Hello! We are Nick and Lindsey currently residing in Sacramento, CA. Between the two of us, we have lived and traveled all over the globe but feel as though we've just begun. We both have lifelong dreams of dropping everything to sail the world...and that time has arrived. Our friends will tell you that we're fun-loving, easy-going and that we were brought together by events that you typically only see in movies. Long story short, we went to elementary school together and reconnected 17 years later on Facebook. Although we vaguely remember each other, we have photos together at about age 10 that prove we were once friends! Since we re-met, we've closed the once 2,000 mile gap between us, moved on from our other significant others and accomplished months of dating that was really "vacationing" in between (in reverse order of course). What can we say...when you know…you know. We just got married on Aug. 20 and are now making plans to sail for a year. We'd like to spend some time in the Caribbean, head to Panama Canal and eventually end up in the South Pacific. We're definitely open to other routes though and welcome all suggestions.

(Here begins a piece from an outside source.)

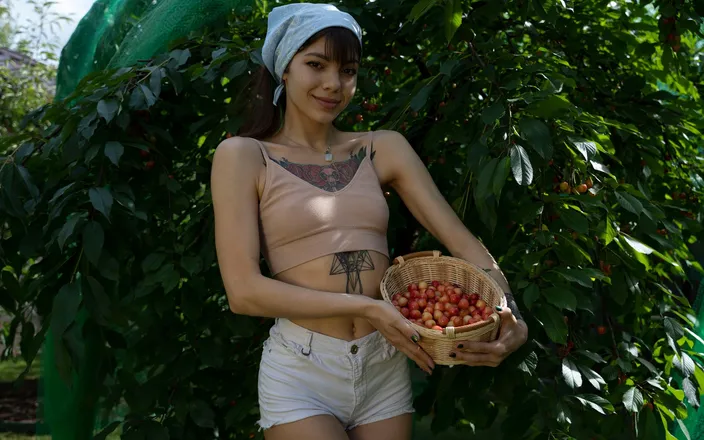NIGONIKA: Exclusive Sweet Cherry Mad Maura Summer Garden Nigonika Blowjob 2023
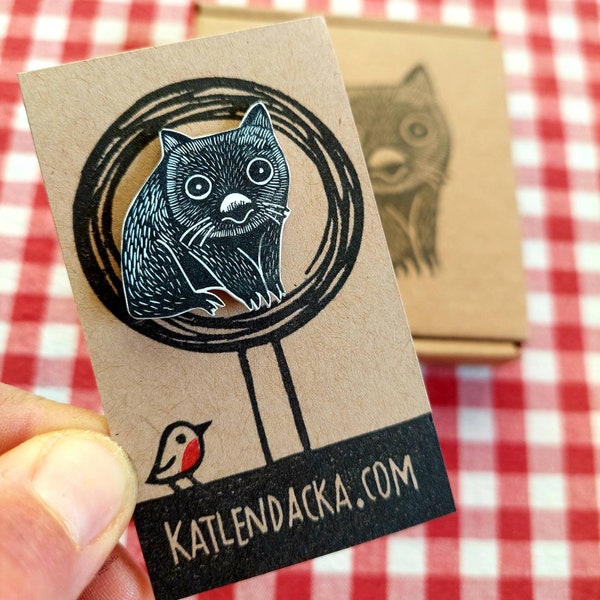 Wombat pin, wombat badge, jewelry, wombat jewellery, linocut, Kat Lendacka, shrink plastic, block print, linoprint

Nick has 10 years of coastal and blue water sailing experience. He was born in Hawaii, and raised between Germany, Northern and Southern California. In high school he discovered a love for sailing, purchased a 28' Islander in college where he lived and sailed for a five years. To help fund his way through college, he started a sailboat maintenance company on the docks of Marina del Rey. He's a self-taught guitar player, loves music, hiking the highest peaks (Mt. Whitney so far), finding real connections with anyone and everyone and most of all...LOVES to sail. 

Lindsey has little sailing experience but is an eager and fast learner. She was raised in Northern California and spent time living in Texas and Southern California while serving as an Intelligence Analyst in the U.S. Air Force. After barely getting out of the service on Sept. 10, 2001, she finished her undergrad and two years of law school before realizing that the 50+ hour work week wasn't all that it was cracked up to be. She loves taking photos, the great outdoors (especially the warmth of the sun), traveling, dancing, laughing, and talking with her favorite people.

We're planning on leaving sometime between Oct. - Nov., 2011, depending upon finding the right people to crew with, their planned departure date, the location of departure and route. At this point, we plan on cruising for one year but are really flexible. We're mostly looking for the right people to cruise with and will fill in the detailed plans from there. We're both responsible, non-partying, mature adults who enjoy cocktails during the appropriate occasions, say no to drugs and prefer to crew with people that mostly operate along those same lines. We're looking for a safe, sane, happy and healthy environment.


----------